# how to arrange for summer training/project?



## cool_callis (Feb 12, 2008)

frndz..
as summer vreak r approaching , i m looking forward for any sort of summer project or training??
can u plz tell me how i can i arrange for summer training / project and what are the different possible sources?
i m currently in 2nd year doing b.tech in computer science stream


----------



## zorrotech2008 (Jun 21, 2008)

Hey u can arrange for it either using ur own contacts at sm company.....or u can just call up companies and ask...if dey let people  do training in der company...however for dat ull need a letter from ur coll.....nd u know d best part is dat if it is a big company it will actually giv u a stipend for it........


----------



## Pathik (Jun 22, 2008)

Does this thing work in MU? Never heard of it here.


----------



## Amir.php (Jun 22, 2008)

cool_callis said:


> frndz..
> as summer vreak r approaching , i m looking forward for any sort of summer project or training??
> can u plz tell me how i can i arrange for summer training / project and what are the different possible sources?
> i m currently in 2nd year doing b.tech in computer science stream


 Increase your experience with "HCL Career Development centers".
for more info log in on to:
www.hclcdc.in


----------



## dheeraj_kumar (Jun 23, 2008)

You can approach companies either with a letter from the college, or you can approach directly if you know anyone high up, or someone who can arrange it for you.


----------



## tgpraveen (Jun 23, 2008)

in MU such  a thing is very difficult to achieve as firstly such a culture does not exist. and the college wont give u any leave for this so ur  attendence record might come in danger as companies usually look for interns for 2-3 months not possible with our 40 day break.

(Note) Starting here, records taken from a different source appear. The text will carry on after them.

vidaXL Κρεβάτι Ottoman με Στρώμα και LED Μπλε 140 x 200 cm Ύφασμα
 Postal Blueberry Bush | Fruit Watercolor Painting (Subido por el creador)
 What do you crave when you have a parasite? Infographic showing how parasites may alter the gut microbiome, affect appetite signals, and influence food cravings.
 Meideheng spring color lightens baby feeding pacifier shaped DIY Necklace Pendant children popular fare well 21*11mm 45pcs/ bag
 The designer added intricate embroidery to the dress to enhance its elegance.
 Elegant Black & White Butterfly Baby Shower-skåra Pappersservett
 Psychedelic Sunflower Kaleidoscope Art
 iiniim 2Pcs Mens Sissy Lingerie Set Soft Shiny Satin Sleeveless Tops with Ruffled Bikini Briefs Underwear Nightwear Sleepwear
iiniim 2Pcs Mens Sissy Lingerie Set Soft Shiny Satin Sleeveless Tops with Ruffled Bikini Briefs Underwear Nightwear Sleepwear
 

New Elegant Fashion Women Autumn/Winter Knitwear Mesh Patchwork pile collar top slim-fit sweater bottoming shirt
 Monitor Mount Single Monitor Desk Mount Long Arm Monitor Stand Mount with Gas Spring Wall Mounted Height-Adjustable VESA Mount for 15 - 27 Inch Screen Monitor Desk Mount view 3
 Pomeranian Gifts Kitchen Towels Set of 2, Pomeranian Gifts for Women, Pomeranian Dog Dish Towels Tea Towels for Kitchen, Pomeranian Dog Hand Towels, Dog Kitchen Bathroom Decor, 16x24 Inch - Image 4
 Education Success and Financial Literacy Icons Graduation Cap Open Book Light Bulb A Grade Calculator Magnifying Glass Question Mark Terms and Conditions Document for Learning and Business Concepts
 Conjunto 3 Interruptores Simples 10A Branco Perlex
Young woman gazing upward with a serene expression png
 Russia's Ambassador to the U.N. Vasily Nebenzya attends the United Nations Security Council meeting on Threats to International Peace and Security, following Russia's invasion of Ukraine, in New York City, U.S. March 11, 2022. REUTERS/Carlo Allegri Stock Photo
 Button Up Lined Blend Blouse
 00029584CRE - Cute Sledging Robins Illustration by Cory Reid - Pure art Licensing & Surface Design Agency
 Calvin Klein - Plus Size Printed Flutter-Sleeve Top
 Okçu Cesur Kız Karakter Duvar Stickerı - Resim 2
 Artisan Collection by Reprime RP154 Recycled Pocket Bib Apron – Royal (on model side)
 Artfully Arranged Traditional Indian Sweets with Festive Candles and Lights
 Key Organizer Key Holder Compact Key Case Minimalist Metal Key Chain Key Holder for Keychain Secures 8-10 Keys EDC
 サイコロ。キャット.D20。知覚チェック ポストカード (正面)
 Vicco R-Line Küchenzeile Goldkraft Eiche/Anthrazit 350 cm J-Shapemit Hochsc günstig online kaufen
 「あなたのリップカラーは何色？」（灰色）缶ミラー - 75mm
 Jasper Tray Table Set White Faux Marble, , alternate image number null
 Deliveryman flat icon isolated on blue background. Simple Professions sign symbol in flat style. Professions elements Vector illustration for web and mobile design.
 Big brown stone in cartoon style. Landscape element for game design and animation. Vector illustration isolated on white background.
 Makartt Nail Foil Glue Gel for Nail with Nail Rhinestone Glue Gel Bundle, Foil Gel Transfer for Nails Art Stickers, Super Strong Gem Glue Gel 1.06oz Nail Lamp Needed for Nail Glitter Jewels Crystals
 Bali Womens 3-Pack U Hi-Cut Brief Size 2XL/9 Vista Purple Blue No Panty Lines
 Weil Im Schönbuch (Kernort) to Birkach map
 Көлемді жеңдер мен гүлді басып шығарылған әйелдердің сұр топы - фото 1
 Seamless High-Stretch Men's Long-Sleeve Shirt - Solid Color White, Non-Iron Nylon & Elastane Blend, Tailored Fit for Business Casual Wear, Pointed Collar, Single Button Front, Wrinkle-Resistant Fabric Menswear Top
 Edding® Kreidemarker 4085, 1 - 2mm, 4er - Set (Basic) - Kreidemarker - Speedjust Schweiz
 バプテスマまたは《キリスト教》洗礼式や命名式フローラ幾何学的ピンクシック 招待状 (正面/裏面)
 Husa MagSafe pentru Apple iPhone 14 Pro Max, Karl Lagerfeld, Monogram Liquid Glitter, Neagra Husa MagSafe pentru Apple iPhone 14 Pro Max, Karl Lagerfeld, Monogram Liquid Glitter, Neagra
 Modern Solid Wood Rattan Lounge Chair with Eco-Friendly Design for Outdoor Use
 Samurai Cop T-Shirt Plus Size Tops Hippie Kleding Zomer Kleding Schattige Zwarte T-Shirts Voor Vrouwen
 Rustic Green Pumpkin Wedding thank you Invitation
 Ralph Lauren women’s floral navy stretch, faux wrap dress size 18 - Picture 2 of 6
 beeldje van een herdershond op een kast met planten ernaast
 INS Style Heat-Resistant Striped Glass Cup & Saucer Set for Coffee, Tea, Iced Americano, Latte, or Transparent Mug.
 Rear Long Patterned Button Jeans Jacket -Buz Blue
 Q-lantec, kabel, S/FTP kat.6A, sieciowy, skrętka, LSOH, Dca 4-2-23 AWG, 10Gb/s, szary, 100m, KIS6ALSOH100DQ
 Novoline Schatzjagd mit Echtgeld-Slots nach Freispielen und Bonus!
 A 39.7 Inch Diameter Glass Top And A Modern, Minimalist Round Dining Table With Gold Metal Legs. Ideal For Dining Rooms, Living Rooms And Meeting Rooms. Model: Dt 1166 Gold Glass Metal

even then some students do find a way using their contacts to get a job for a month or so. it is rare but i know of ppl who hav done it and gotten nice cash. but rare cases.

Mu shuld change itss outlook and like iIITs and other western colleges have provision for  this.


----------



## Pathik (Jun 26, 2008)

I dont have any contacts. Will try to go thru the college way tho. Has any MU guy tried it before?


----------



## sharadji (Feb 27, 2009)

hi friends if u wanna pursue summer training or have any query regarding summer training contact us at :
*training@vserveglobal.com or call 9958208293 / 9717395392*

Or visit us at :
*www.vserveglobal.com/summer-training.html


----------



## multicoder (Mar 18, 2009)

Hi,
I am checking newspapers and any online resources for new opportunities in the IT.I just came across with the IITs websites,they are seeking applications for summer internships.
Please check with all the IIT's websites.
All the best buddy!


----------